N-Trityl tetracyclic ester 18 and N-Trityl tetracyclic aldehyde 7

The procedure reported earlier15 was modified as follows. A three-neck 100 mL round bottom flask was fitted with a mechanical stirrer and thermocoupler. The flask was charged with a solution of 1515 (2.7 mmol, 2.68 g) 40 mL THF, and the solution was cooled to an internal temperature of −76 °C. A solution of MeLi in Et2O (10.8 mmol, 1.51 M, 7.2 mL) was added slowly via syringe (max internal temp −74 °C). After 5 min of stirring, the solution was warmed to −65 °C and stirred for 20 min. A solution of PhSeCl in 14 mL THF (12.4 mmol, 2.37 g) was added slowly via cannula such that the reaction temperature did not exceed −58 °C, and the solution color became orange and then brown. The brown solution was removed from the cooling bath after 20 min and allowed to warm. When the temperature reached −18 °C, the flask was opened to air and stirred an additional 2 h. Opening of the reaction vessel to air was found to facilitate formation of 18 by oxidation and elimination of the selenium by product. The reaction was quenched with H2O, extracted with CHCl3, dried over Na2SO4 and allowed to sit overnight with exposure to air. 1H NMR spectroscopy of the crude residue showed no non-eliminated selenium tetracycle. The major product matched that of Kim.15 The crude residue was filtered through a short plug of silica gel with 400 mL hexanes/2% Et3N to remove excess PhSeCl, and then the product was eluted with 400 mL ethyl acetate. Limited exposure of this material to silica gel was necessary in order to retain a significant quantity of material. The material was immediately taken on to the next step without additional purification.

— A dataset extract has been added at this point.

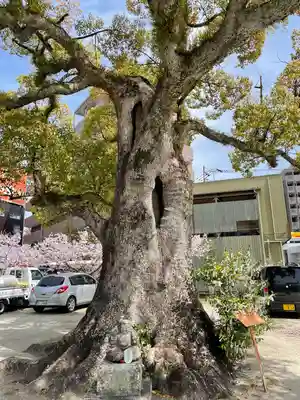 本庄神社(佐賀県)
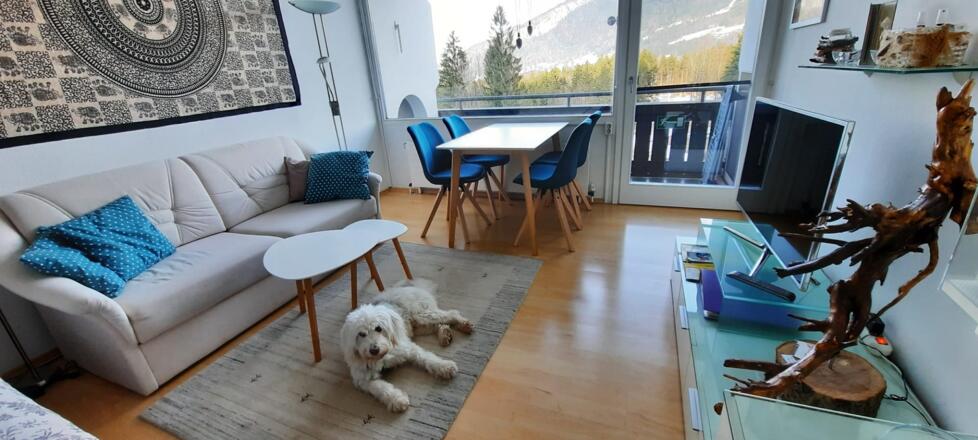 Esstisch im Lebensfreude Appartement in Bad Goisern am Hallstättersee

To the residue of 15 in 27 mL THF at 0 °C was added TBAF (1.0 M, 3.2 M, 3.2 mmol). The cooling bath was removed, and after 1 h 20 min of stirring at rt, the solution was cooled to 0 °C, and sat NaHCO3 was added. The mixture was extracted 3 × Et2O, the combined organics were washed with brine and dried over pulverized Na2SO4. Concentration under reduced pressure provided a brown oil consisting of tetracyclic alcohol product with minor impurities. The crude residue was filtered through a short silica gel plug with 400 mL 9:1 hexanes: ethyl acetate with 2 % Et3N and then 800 mL ethyl acetate. The residue obtained after solvent removal was immediately taken on to the next step without further purification. To a mixture of tetracyclic alcohol and 4 Å MS in 27 mL CH2Cl2 was added NMO (4.0 mmol, 469 mg) and TPAP (0.14 mmol, 49 mg). The black slurry was vigorously stirred for 1 h and then filtered through silica gel with ethyl acetate. Solvent removal provided an orange solid, which was dissolved in acetone and precipitated by adding hexanes. Washing of the recovered amorphous gray solid with hexanes provided 475 mg (33% over 3 steps, 69% average per step) of tetracycle 7. The 1H NMR spectrum matched that previously reported by Kim.15

(2R,3R)-3-iodomethyl-2-tributylstannyl-N-triphenylmethylaziridine 20

To a solution of PPh3 (0.56 mmol, 147 mg) in 2 mL toluene at 0 °C was added diisopropyl azodicarboxylate neat (0.56 mmol, 0.12 mL) via syringe, and the reaction mixture turned yellow.18 After 5 min of stirring, aziridinol 1214 as a solution in toluene (0.37 mmol, 1.7 mL) was added to the PPh3/DIAD mixture dropwise via cannula, and the mixture was stirred 5 min. Neat iodomethane (0.52 mmol, 0.03 mL) was added to the reaction mixture via syringe, and the mixture turned cloudy white. The reaction vessel was pulled out of the cooling bath, warmed to rt, fitted with a reflux condenser and heated to 70 °C. After 6 h, the reaction mixture was cooled to rt, and the solvent was removed under reduced pressure. The cloudy residue was purified immediately by flash column chromatography on silica gel (2 × 15 cm, 15:1 hexanes/ethyl acetate with 2% Et3N, Rf = 0.82). Fractions 7–11 provided 257 mg (97 %) of a clear colorless oil. Molecular ion (M – C4H9) calculated for C30H37INSn = 658.0993, found (EI) m/z = 658.1004, error = 2 ppm; 500 MHz 1H NMR (CDCl3, ppm) δ 7.47 (6H, m), 7.27-7.24 (6H, m), 7.21-7.20 (3H, m), 3.57 (1H, dd, J = 10.0, 5.0 Hz), 3.00 (1H, dd, J = 9.5, 8.0 Hz), 1.62 (1H, ddd, J = 8.0, 6.8, 5.0 Hz), 1.5-1.4 (6H, m), 1.32 -1.24 (6H, m), 1.08-0.94 (7H, m), 0.86 (9H, t, J = 7.3 Hz); 100 MHz 13C NMR (CDCl3, ppm) δ 144.1, 129.5, 127.3, 126.6, 76.0, 39.0, 29.8, 29.2, 27.3, 13.6, 10.8, 10.4.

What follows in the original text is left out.